In order to extend the framework to multi-physics fluid flows, we would need to perform the following steps: (1) implement a multi-phase full-physics model as part of the DPFEHM framework, (2) use more sophisticated ML model to be able to capture the complexity coming from the physics model and increase the number of parameters and the depth of the network, (3) use CPU and GPU parallelization paradigms to improve the performance and ensure the feasibility of the problem. We plan to pursue this problem in the future.

Conclusions

We applied a PIML framework to a subsurface pressure management problem that considers the pressure change during injection/extraction. We considered a single-phase steady-state fluid flow with heterogeneity that looks at the long-term impact of the injection/extraction on the reservoir. In our PIML framework, a convolutional NNM is trained to determine fluid extraction rates at a dedicated critical reservoir location during the injection. We performed a hyperparameter search, which showed that decreasing the learning rate while increasing the batch size improves the results. In conclusion, we would emphasize the following observations:

  • A PIML framework can train a convolutional NNM to manage reservoir pressures with heterogeneous permeability fields resulting in small deviations from the target overpressure. We accomplished this by combining a differentiable full-physics simulator with a convolutional neural network.
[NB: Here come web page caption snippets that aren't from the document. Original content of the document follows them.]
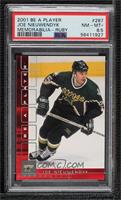 Joe Nieuwendyk [PSA 8.5 NM‑MT+] #/200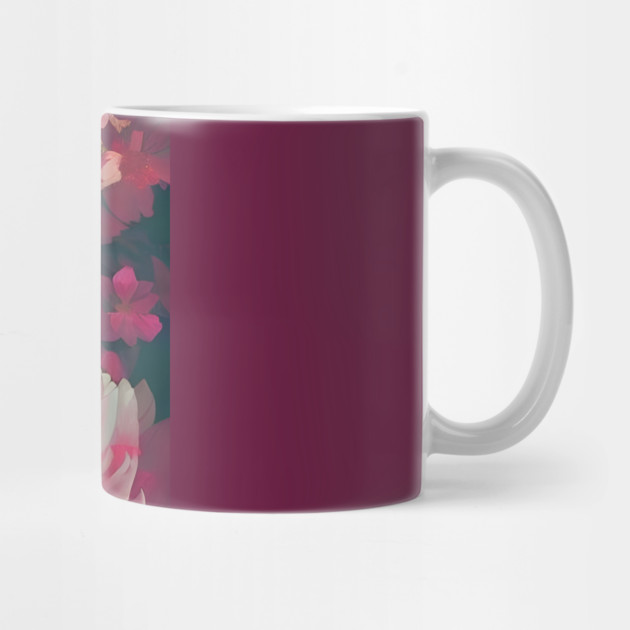 angel flower manga by animegirlnft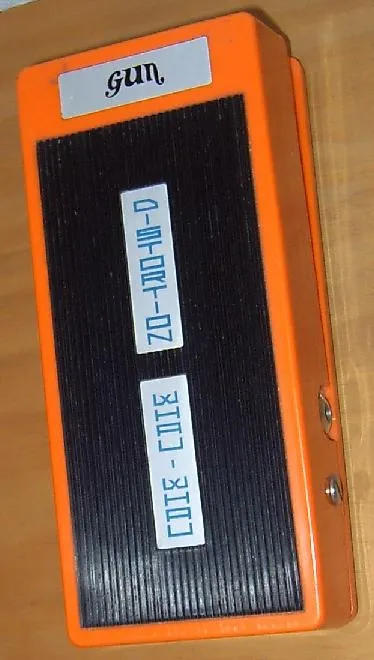 Gun Distortion Whau-Whau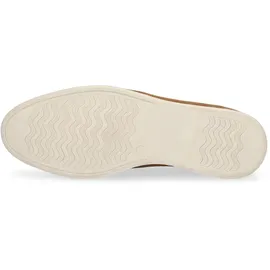 s.Oliver Herren Leder Slipper cognac braun Red Label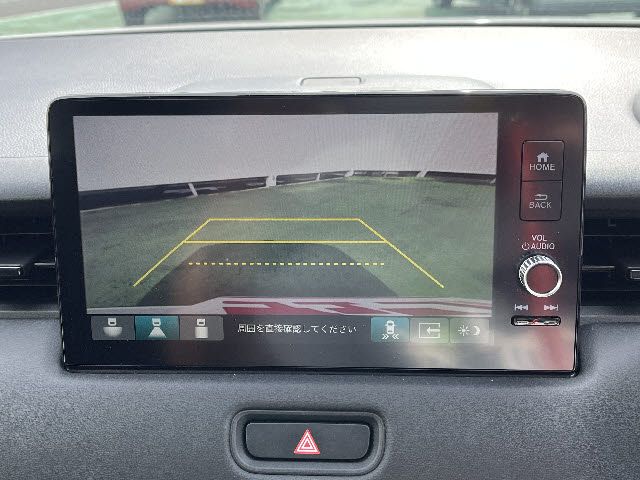 HONDA VEZEL e:HEV 2021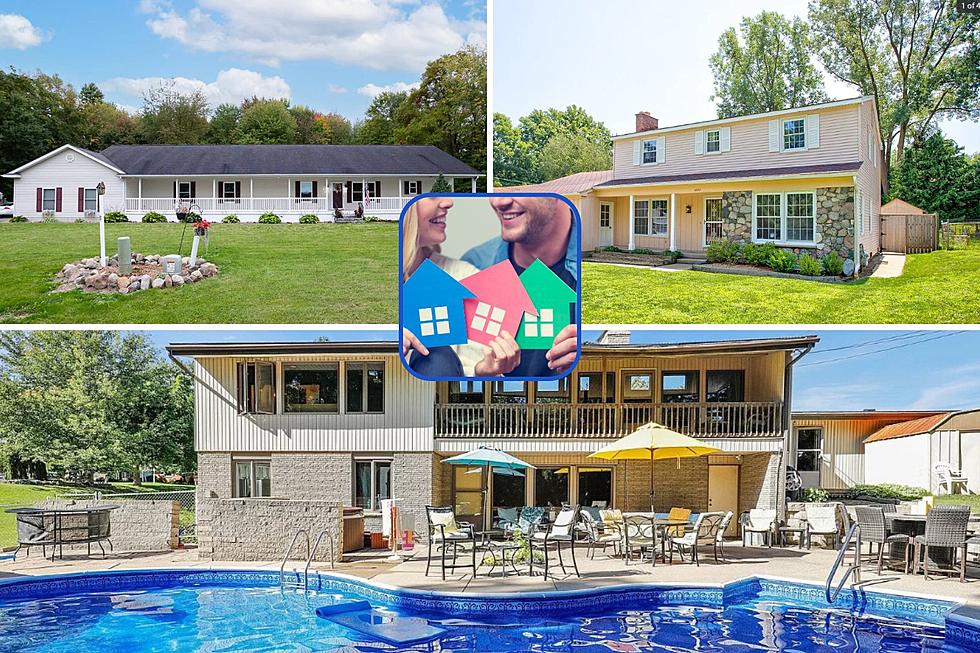 COMPARE $350K Michigan Homes: Jackson, Lansing, and Grand Rapids
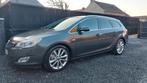 Opel astra j station cosmo uitvoering, 5 places, 1700 cm³, Cuir, Break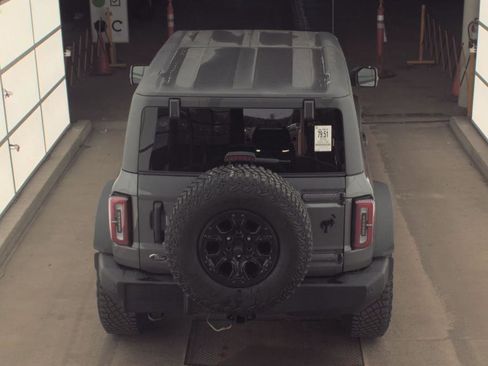 Used 2023 Ford Bronco Wildtrak AWD/4WD image 17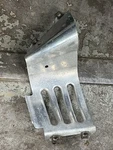 0607-997 Arctic Cat Left Footrest Oem #AC7 Used. Price: $12.95.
  • This problem is only feasible because of the DPFEHM framework, which has a built-in AD. To solve the physics model, we use the DPFEHM framework as part of the PIML framework.
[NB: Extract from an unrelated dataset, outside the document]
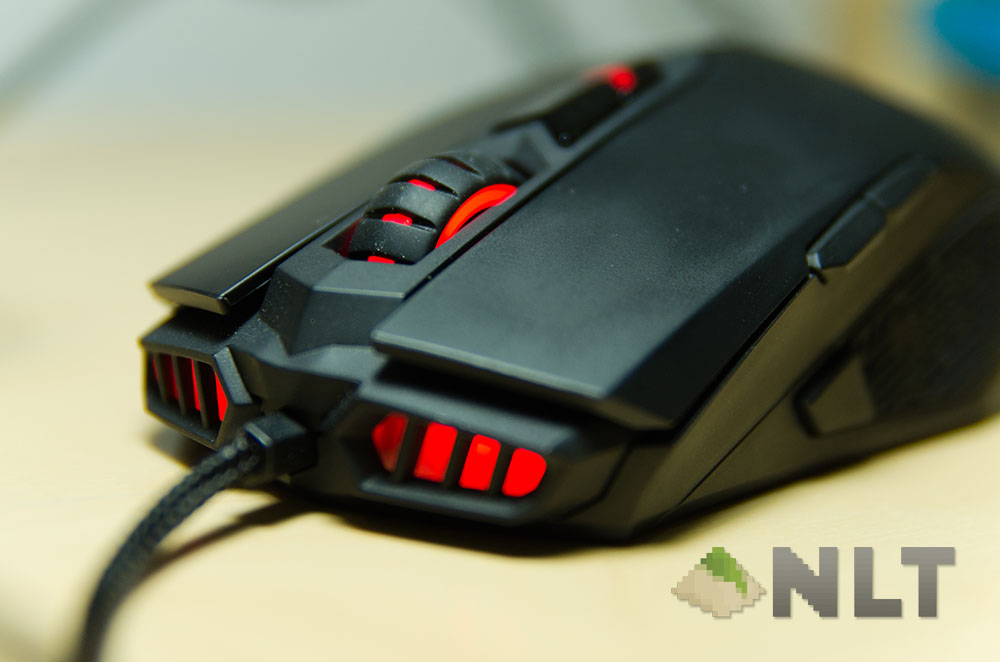 Review Asus Rog Gx860 Buzzard Gaming Mouse Software Nasi Lemak Tech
  • DPFEHM allows us to bridge the gap between numerical models and machine learning techniques because both are compatible with the same AD frameworks

  • The hyperparameter search shows that decreasing the learning rate and increasing the batch size is beneficial for bringing down the RMSE of the ML training. Our results can be potentially improved by further decreasing the learning rate.

  • We tested a hybrid implementation of the PIML framework using a deeper convolutional neural network (VGG Net). In that case, the physics model is solved on a CPU, while the machine learning model is solved on a GPU. The results showed no improvement in the ML training, concluding that the relatively simple LeNet network suffices for this problem.

  • We also batch-parallelized the combined NNM and physics model using Julia’s parallel map operation (pmap). However, for the single-phase steady-state flow problem with heterogeneity, the added communication costs outweigh the benefits of parallelization. This is because the physical model, in this case, is relatively inexpensive. We anticipate that for more complex physics models, such as introducing a multi-phase flow, will benefit from such parallelization.

  • A natural next step in this line of research is to study this problem in the context of multi-phase flows, which are essential for CO\(_2\) sequestration, among other applications.